23 December 2008

A good guy gets pardoned at last

The New York Times has an article by Eric Lichtblau about Charles Winters, a hero you've never heard of:
Charles Winters was an unlikely revolutionary in the fight for a Jewish state sixty years ago. A Protestant from Boston, he took up the clandestine cause from his perch in Florida and helped ferry bomber planes and Israeli fighters, even flying one plane across the Atlantic himself. The Israelis have long considered him a hero, and the former Prime Minister Golda Meir feting him. But in the United States, he was a criminal, imprisoned for eighteen months for violating the 1939 Neutrality Act and forced to hide his past from his own family. But, on Tuesday, President Bush pardoned Mr. Winters posthumously, clearing his name a quarter-century after his death. In the last four months, prominent Jews from Steven Spielberg to members of Congress had lobbied on Mr. Winters’ behalf, and the campaign ended with his name among those of nineteen people issued reprieves by Mr. Bush on Tuesday.
“This is a very good day,” Reginald Brown, a lawyer in Washington who represented Winters’ family in the clemency petition, said in an interview. “He did a heroic thing and, at the time, the law didn’t reflect our values. The pardon is a way of the law catching up with the history.” Mr. Brown said Mr. Bush’s pardon "rights a historical wrong and honors Charlie’s belief that the creation of the Jewish state was a moral imperative of his time", The Assocxiated Press reported. “Charlie Winters helped shape human history for the better."

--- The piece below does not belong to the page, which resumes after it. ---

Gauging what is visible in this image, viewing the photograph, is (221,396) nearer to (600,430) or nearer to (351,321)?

The film director Steven Spielberg wrote a letter to President Bush appealing for a pardon for Mr. Winters. "There are probably many unsung heroes of America and of Israel, but Charlie Winters is surely one of them," Mr. Spielberg wrote. "While a pardon cannot make Charlie Winters whole, and regrettably he did not live to see it, it would be a fitting tribute to his memory and a great blessing to his family if this pardon is granted."
The only other pardon granted posthumously in recent years was given to Henry O. Flipper, the first black graduate of the United States Military Academy at West Point. Mr. Flipper was dishonorably discharged from the Army after being accused of embezzling almost $4,000. Mr. Flipper was the first to discover the funds missing, but concealed their disappearance in the hope that the money would be returned. In 1976, an Army board commuted Mr. Flipper’s dismissal to a good conduct discharge, concluding that his conviction and punishment were "unduly harsh and unjust". In 1999, President Bill Clinton granted him a full pardon.
There were no big names among the nineteen pardons issued on Tuesday— no Michael Milkens or Bernie Ebbers, not even a Marion Jones— but for Mr. Winters’ supporters, his name loomed just as large.
Rico says that, every once in awhile, a President gets to do the right thing, and actually does it.